In contrast to its record in deterrence, there is some evidence the pre-Sarbanes-Oxley system worked relatively well in detecting and correcting false reporting. One piece of evidence is the speed with which detection occurred. As Kedia and Philippon  observe, the welfare loss from firms overstating their financial condition is that they overutilize both labor and capital, distorting the allocation of real resources. Only when the overstatement is revealed do they shed excess labor and capital. The welfare loss arising from the overstatement therefore arises from the inefficient use of resources during the period between inflation and detection. While the conclusion is subjective, my impression is that most of the financial reporting fraud was detected and revealed relatively quickly, and that failing managers and their failing strategies were dumped relatively quickly, thus limiting the continuing losses. Miscreant managers, auditors, board members, and counterparties were replaced relatively quickly (see Srinivasan , Arthaud-Day et al. , and Desai, Hogan, and Wilkins ).
Another piece of evidence is the parties who uncover the frauds. To my knowledge, there has been no systematic, reliable compilation of accounting fraud detection during 2001 to 2002, but I am aware of no financial reporting frauds that were detected by regulators, as distinct from internal auditors, employees, external auditors, private parties on the other side of irregular transactions, security analysts, short sellers, the plaintiffs bar, and the press.
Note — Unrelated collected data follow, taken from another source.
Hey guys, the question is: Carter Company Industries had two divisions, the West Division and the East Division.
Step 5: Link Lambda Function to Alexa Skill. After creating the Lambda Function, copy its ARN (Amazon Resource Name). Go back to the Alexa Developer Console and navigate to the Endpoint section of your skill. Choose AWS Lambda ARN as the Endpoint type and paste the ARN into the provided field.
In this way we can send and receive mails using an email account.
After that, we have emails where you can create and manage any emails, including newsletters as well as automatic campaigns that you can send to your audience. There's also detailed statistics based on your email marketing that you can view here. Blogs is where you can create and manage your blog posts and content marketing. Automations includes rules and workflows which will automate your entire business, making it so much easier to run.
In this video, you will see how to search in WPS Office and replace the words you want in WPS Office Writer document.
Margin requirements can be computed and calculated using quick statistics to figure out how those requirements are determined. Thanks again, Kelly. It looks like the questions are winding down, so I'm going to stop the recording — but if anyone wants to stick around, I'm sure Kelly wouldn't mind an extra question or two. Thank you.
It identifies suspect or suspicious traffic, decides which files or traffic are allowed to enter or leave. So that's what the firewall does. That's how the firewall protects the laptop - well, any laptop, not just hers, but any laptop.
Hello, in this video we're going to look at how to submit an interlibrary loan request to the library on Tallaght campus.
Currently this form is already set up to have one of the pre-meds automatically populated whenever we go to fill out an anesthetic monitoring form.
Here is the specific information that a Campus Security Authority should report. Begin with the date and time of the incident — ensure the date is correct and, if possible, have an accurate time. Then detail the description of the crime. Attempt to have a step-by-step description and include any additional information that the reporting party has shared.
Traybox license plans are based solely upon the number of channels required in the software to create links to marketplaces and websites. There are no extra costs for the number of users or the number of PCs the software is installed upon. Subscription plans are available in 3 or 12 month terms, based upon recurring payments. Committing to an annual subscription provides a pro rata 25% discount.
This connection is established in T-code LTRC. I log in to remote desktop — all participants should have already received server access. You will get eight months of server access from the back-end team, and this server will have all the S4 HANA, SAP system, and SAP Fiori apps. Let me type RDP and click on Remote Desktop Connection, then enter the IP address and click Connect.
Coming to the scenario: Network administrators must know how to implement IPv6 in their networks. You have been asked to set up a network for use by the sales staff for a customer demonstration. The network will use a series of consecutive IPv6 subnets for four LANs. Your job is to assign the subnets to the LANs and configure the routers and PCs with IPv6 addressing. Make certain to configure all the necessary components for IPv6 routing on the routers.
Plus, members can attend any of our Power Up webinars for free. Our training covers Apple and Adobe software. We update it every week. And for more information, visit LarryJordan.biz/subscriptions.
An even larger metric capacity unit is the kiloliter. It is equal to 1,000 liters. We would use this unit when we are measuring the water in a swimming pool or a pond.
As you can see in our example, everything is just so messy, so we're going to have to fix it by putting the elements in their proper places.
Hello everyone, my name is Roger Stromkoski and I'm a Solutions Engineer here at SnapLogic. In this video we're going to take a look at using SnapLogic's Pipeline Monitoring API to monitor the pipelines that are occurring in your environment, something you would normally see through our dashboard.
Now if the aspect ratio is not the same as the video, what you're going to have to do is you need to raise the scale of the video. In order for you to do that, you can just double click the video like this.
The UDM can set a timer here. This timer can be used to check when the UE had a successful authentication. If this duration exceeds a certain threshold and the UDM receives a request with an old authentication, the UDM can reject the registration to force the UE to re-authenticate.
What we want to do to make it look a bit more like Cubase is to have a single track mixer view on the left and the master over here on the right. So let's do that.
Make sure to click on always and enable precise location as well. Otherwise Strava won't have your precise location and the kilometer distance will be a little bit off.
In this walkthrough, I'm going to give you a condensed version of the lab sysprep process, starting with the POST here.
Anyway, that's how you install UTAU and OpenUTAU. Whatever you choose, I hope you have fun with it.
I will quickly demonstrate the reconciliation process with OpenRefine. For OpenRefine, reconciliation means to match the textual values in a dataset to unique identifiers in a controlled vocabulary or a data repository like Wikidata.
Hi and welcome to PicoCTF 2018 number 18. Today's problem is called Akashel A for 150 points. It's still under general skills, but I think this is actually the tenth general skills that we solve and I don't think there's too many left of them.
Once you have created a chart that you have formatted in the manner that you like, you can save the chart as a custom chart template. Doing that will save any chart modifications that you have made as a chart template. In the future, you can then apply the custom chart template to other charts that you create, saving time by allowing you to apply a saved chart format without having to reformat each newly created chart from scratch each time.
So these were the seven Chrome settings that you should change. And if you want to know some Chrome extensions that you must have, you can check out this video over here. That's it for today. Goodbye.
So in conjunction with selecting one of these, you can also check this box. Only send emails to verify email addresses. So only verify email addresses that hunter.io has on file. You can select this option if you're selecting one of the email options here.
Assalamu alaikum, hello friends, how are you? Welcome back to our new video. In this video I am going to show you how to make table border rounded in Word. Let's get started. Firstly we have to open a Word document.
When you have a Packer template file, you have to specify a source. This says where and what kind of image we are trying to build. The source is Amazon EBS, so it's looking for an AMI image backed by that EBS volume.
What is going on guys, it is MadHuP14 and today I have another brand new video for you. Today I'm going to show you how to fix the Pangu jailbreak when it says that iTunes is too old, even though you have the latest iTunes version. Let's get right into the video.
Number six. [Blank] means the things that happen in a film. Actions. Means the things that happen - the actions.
This impression is broadly consistent with the evidence of Dyck, Morse, and Zingales .63
My conclusion is that the pre-Sarbanes-Oxley system worked much better than is commonly believed in detecting and correcting the problem that emerged in the 2001 to 2002 scandals (as distinct from preventing it in the first place). Whether the extensive provisions of the Sarbanes-Oxley Act will lead to better or earlier detection is a matter for conjecture at this point.
6.3 is deterrence the best regulatory model?
Coffee  raises the intriguing thesis that the United States employs an inefficient regulatory model, by allocating disproportionately high resources to enforcement of the law and punishment of securities fraud after it has occurred and been detected. He describes this as “ex post” regulation, and contrasts it with a system in which regulators consult more with companies “ex ante,” advising them on appropriate behavior. He observes (Coffee[2007, p. 80]):
U.S. regulators are roughly comparable to those of other common law countries in their budget and staffing levels, but not in the number of enforcement actions brought or the magnitude of the sanctions imposed. Here, they inhabit a world largely of their own. This raises at least the possibility that, outside the United States, more is done through “ex ante” regulation than through “ex post” enforcement. Although the SEC also uses “ex ante” regulation, it seems more committed than other regulators to a policy of general deterrence through large penalties.
Two features of the recent accounting scandals are broadly consistent with Coffee's  thesis: the considerably lower frequency of reporting fraud in the United Kingdom, where the Financial Services Agency regulates securities markets in a more consultative fashion and with less emphasis on enforcement after the fact, and the comparative success of the U.S. system in detecting and correcting financial reporting fraud, but not in deterring it in the first instance.